What has happened to this rugby spirit? People are desperately trying to energize it with tips & tricks [Sutherland 2014] [Yip 2016][Ratcliffe 2012] [van Vliet 2016] but nothing happens: less than 45% of DSM attendees find it positive [Stray 2017].
One of the causes lay certainly in the roots of Scrum [Sutherland 2011][Sutherland 2014] that are described in [Takeuchi 1986]: building everything at the same time with organization like type C.
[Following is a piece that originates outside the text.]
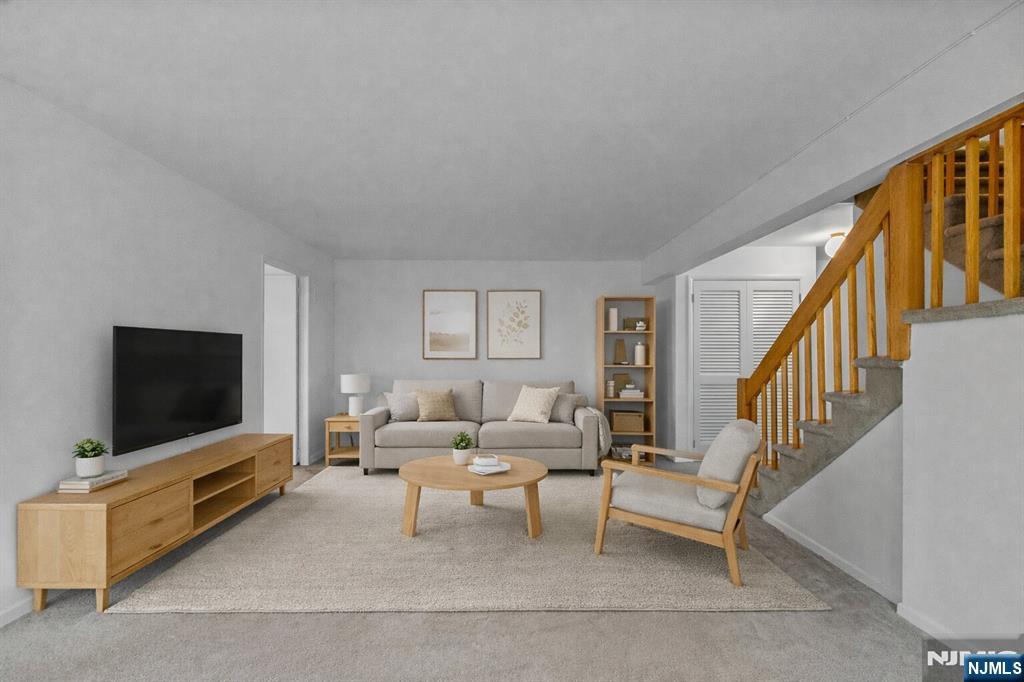 319 Gorge Rd #5, Cliffside Park, NJ 07010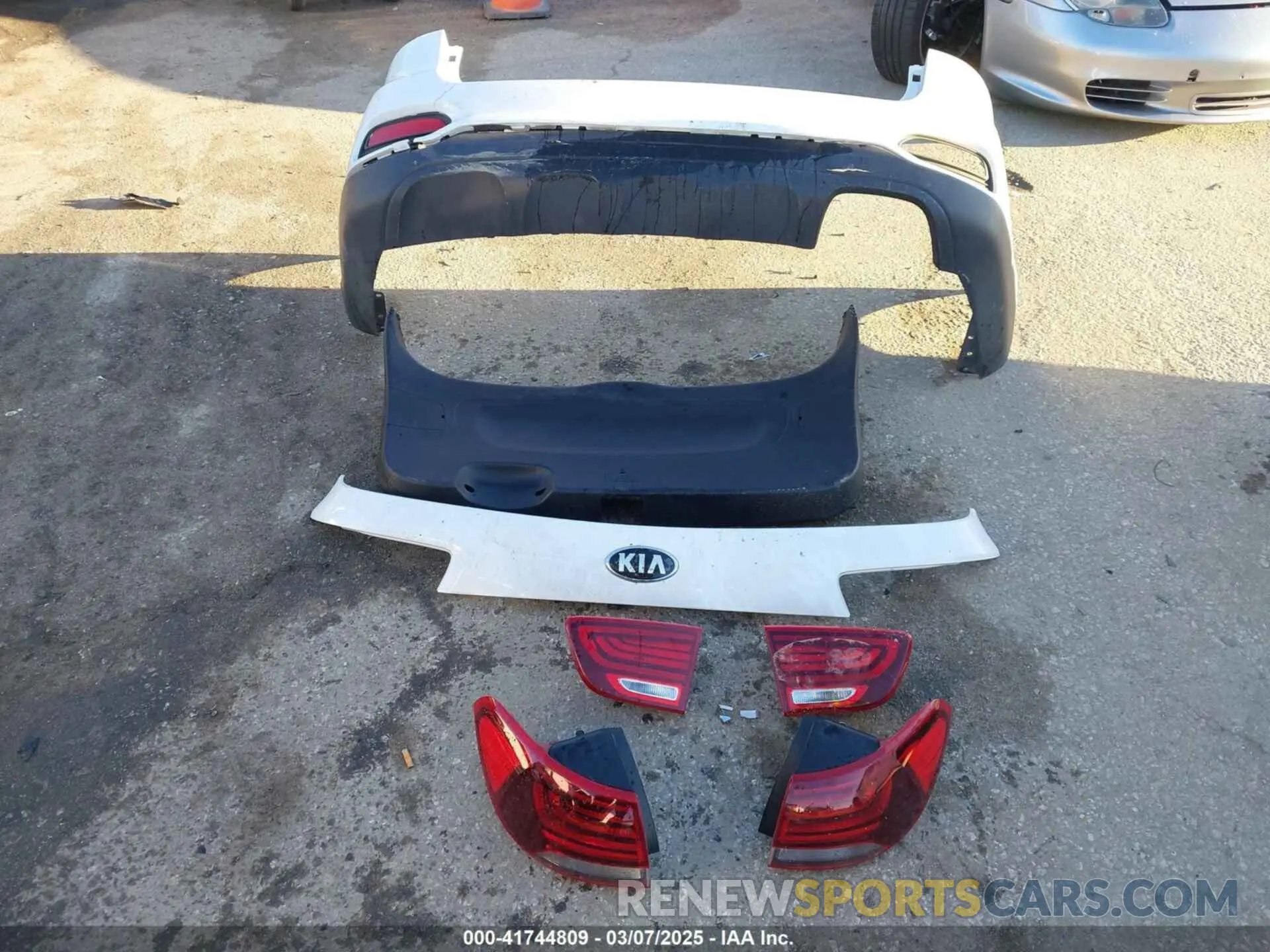 12 Photograph of a damaged car 5XYPG4A32KG503133 KIA SORENTO 2019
As a reminder, the Scrum guide tells the team are empowered to set their organization up [Schwaber 2020] but it appears
- Developers have a tendency to work alone behind their screen and don’t go to the field where End Users are
- Quality is mainly focused on functional suitability while Non Functional Requirements (NFR) are neglected most of the time
- Documentation is not always updated
- End-to-end Testing is left to someone else once the whole product increment is available
- Test automation is limited to unit testing (eventually in TDD mode) while ATDD could be done
There are many other antipatterns Teams may adopt unwittingly that would worsen the situation, some of them are systemic (e.g. Component Teams)
This situation leads to increased WIP (Work In Progress) because once the code is delivered, all those tasks are still left to do. In the best case, from an End User point of view, defects will be raised and rework will have to be done. This impacts the First Pass Yield, it also generates fixing costs that are much bigger expenses since NFR often embed some Architecturally Significant Requirements (ASR) [Chen 2013] [Moustier 2019-1] that usually require deep refactoring. Moreover, this also leads to a type A organization which is precisely the Waterfall model!
To avoid the “Done” fallacy, a proper Definition of Done (DoD) should be defined. This DoD should then embed such criteria that can be partially embraced with the “Four Quadrants of Testing” [Marick 2003][Bach 2014][Crispin 2021] in order to have a Product Increment “potentially deliverable to the Customers” [Schwaber 2020].
Unfortunately, this generates a lot of workload that makes too much for a single person during one Sprint. Here begins the right question: how can a deliverable US be done under those constraints?
Google’s SRE provides a first option: limiting development of new features to 50% and letting Developers work on Ops matters, such as the items listed above, the rest of the time [Beyer 2016]. This option puts a lot of required skills on the person that would build the US, but it poorly fixes the DSM issue.
Another option is to gather several people on a single US and let the Team actually organize about the US. Again, this type of organization would focus on the flow (which benefits the WIP!) and not a 100% resource utilization paradigm [Kniberg 2014]. Under those circumstances, the Team builds a US Task Force and Mob Programming combined with Living Documentation, ATDD and TDD could also be an option.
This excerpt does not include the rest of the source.